Hublot und ich teilen seit jeher die Faszination für die Materialwissenschaften. Als Künstler möchte ich stets versuchen, über das rein Objekthafte, Materielle hinauszugehen, sodass der Betrachter im vollendeten Werk eine Bedeutung findet, die größer ist als die Summe seiner Teile. Hublot nutzt das gesamte Technologiespektrum der hohen Uhrmacherkunst und greift ebenfalls auf die Materialwissenschaften zurück, um Objekte so zu transformieren, dass sie etwas repräsentieren, das für uns alle noch relevanter und bedeutsamer ist. Hublot ist eine Manufaktur mit Tiefgang, in der Materialien neu erfunden, Uhrwerke verfeinert und Designs zielgerichtet neu gestaltet werden.

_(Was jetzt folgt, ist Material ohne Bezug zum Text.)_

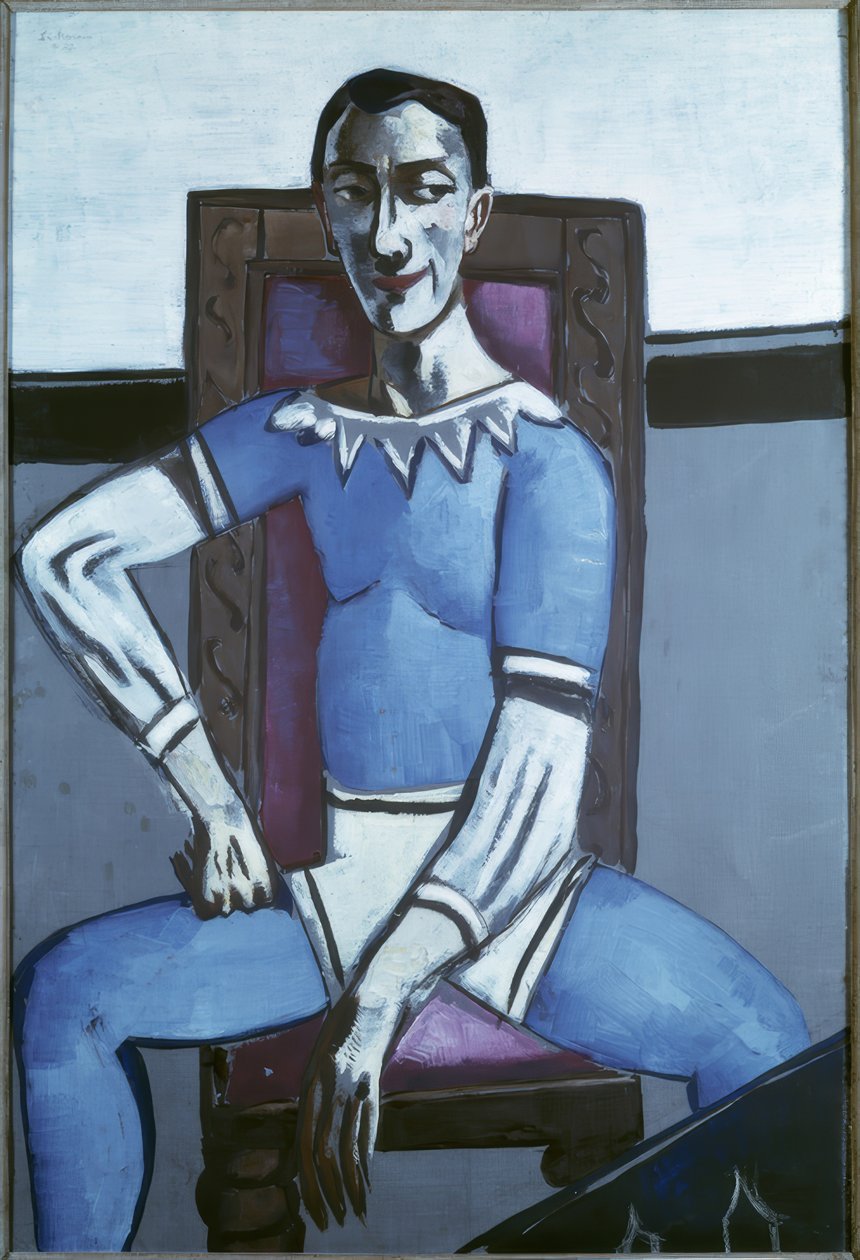Portrét Tseretelliho od Max Beckmann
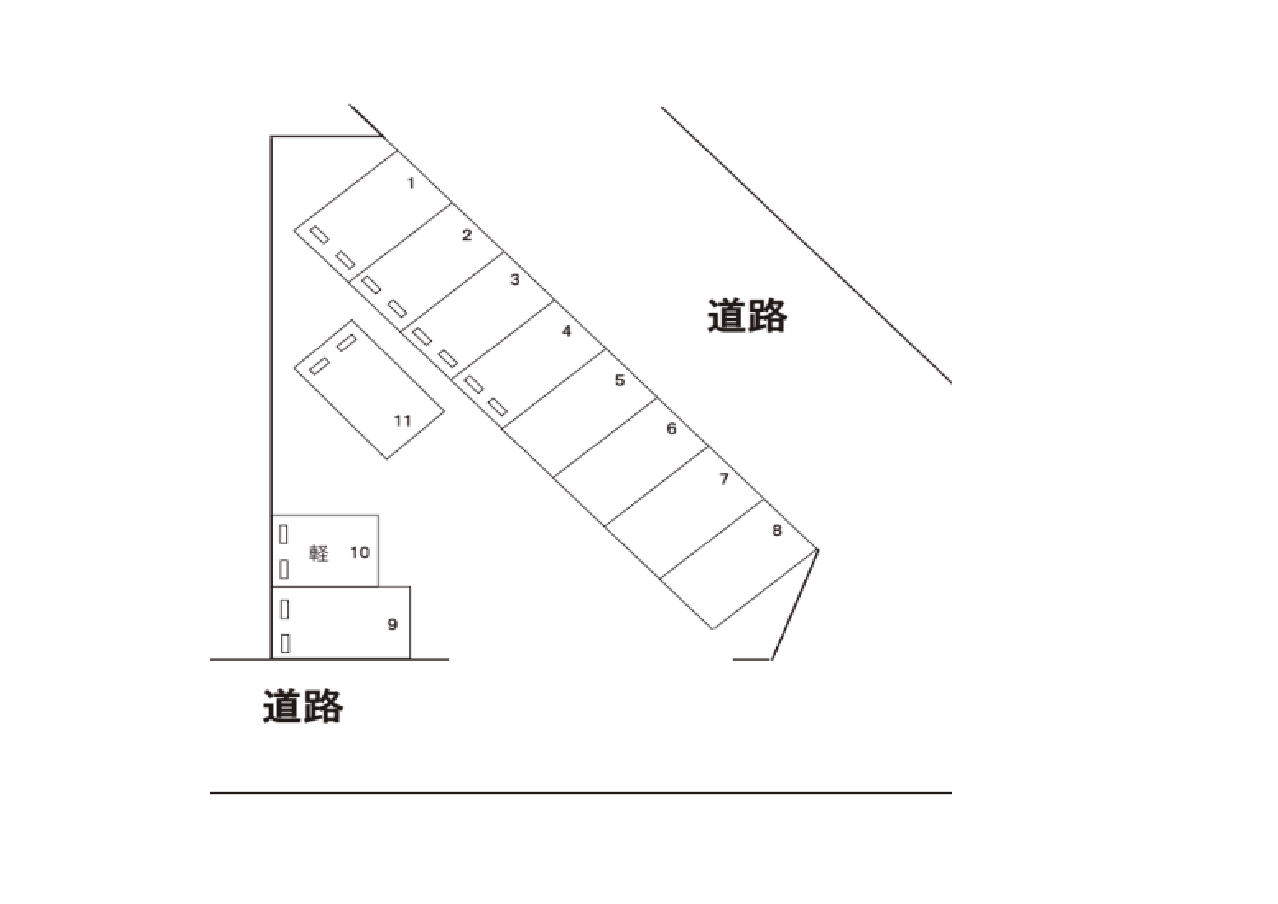今津町４丁目駐車場の駐車配置図
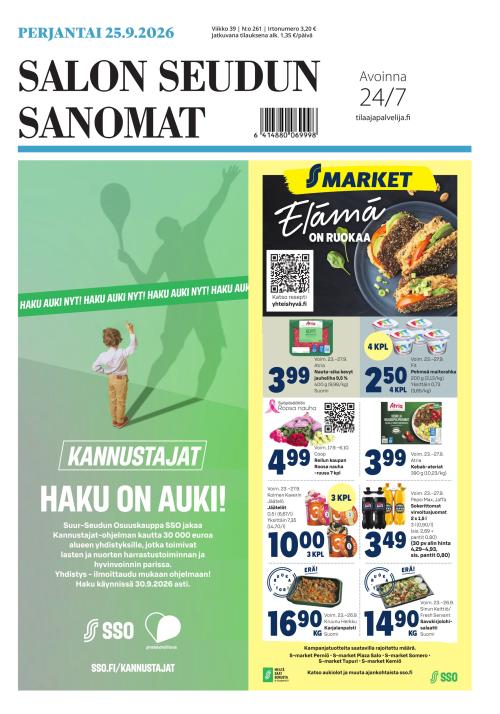 Salon Seudun Sanomat 25.9.2026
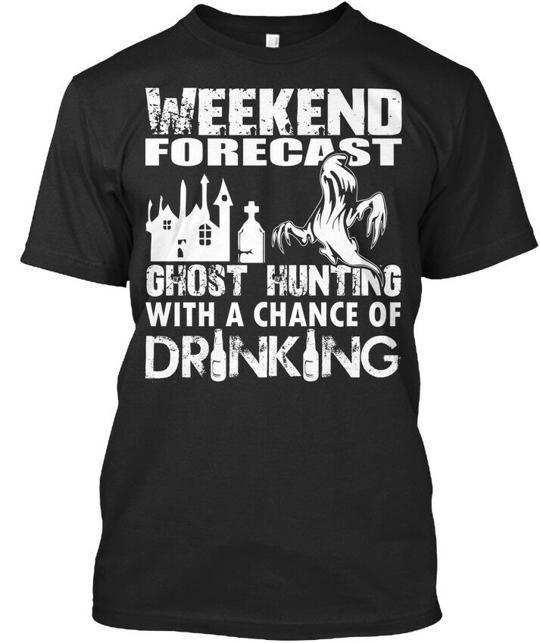 Weekend Forecast - Ghost Hunting With A Chance Premium T-Shirt XL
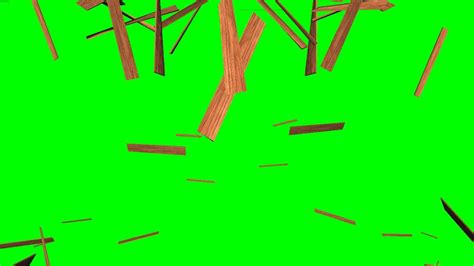 Falling Wood Debris Green Screen Effect Youtube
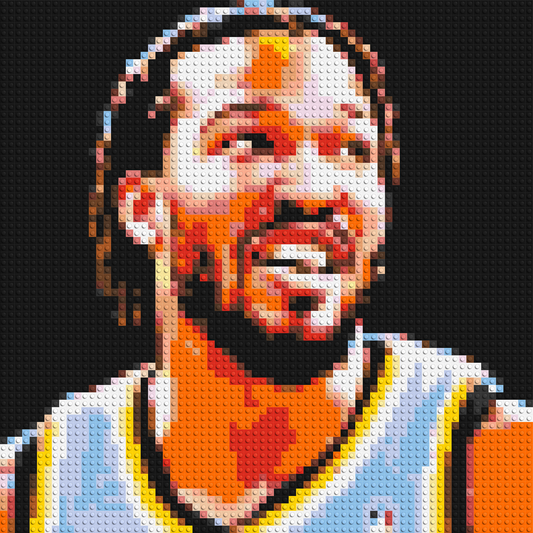 Jalen Brunson - Brick Art Mosaic Kit 3x3 large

Wenn Präzision auf Pop-Kultur trifft
Seit mehr als vier Jahrzehnten verwandelt Jeff Koons alltägliche Gegenstände in großformatige Kunstwerke. Zu seinen bekanntesten Skulpturen zählen Werke wie „Balloon Dog“, „Rabbit“ oder „Puppy“. Auf den ersten Blick wirken seine Arbeiten oft spielerisch oder nahbar, basieren jedoch auf komplexer Konstruktion, technischer Präzision und akribischer Oberflächenbearbeitung. Ähnliche Prinzipien verfolgt Hublot bei der Entwicklung eigener Uhrenmodelle: Die Verbindung von ingenieurstechnischer Innovation und handwerklicher Detailliebe steht dabei im Fokus.Hublot-CEO Julien Tornare betont die gemeinsamen Werte beider Partner:
Wir sind stolz darauf, mit Jeff Koons zusammenzuarbeiten. Koons zählt zu den wenigen Künstlern, denen es gelungen ist, Alltagsgegenstände durch Größe, Präzision und kompromisslose Ausführung zu weltweiten Ikonen zu machen und damit die zeitgenössische Kultur nachhaltig zu prägen. Diese Partnerschaft verkörpert genau das, wofür Hublot heute steht: Substanz. Es ist großartig, mit Jeff das zu teilen, was Hublot schon immer ausmacht: die Dynamik zwischen Tradition und Umbruch, Technik und Emotion, Innovation und Handwerkskunst, die erkennen lässt, dass sich hinter der Kühnheit außergewöhnliche Disziplin verbirgt und unter der Oberfläche meisterhaftes Können.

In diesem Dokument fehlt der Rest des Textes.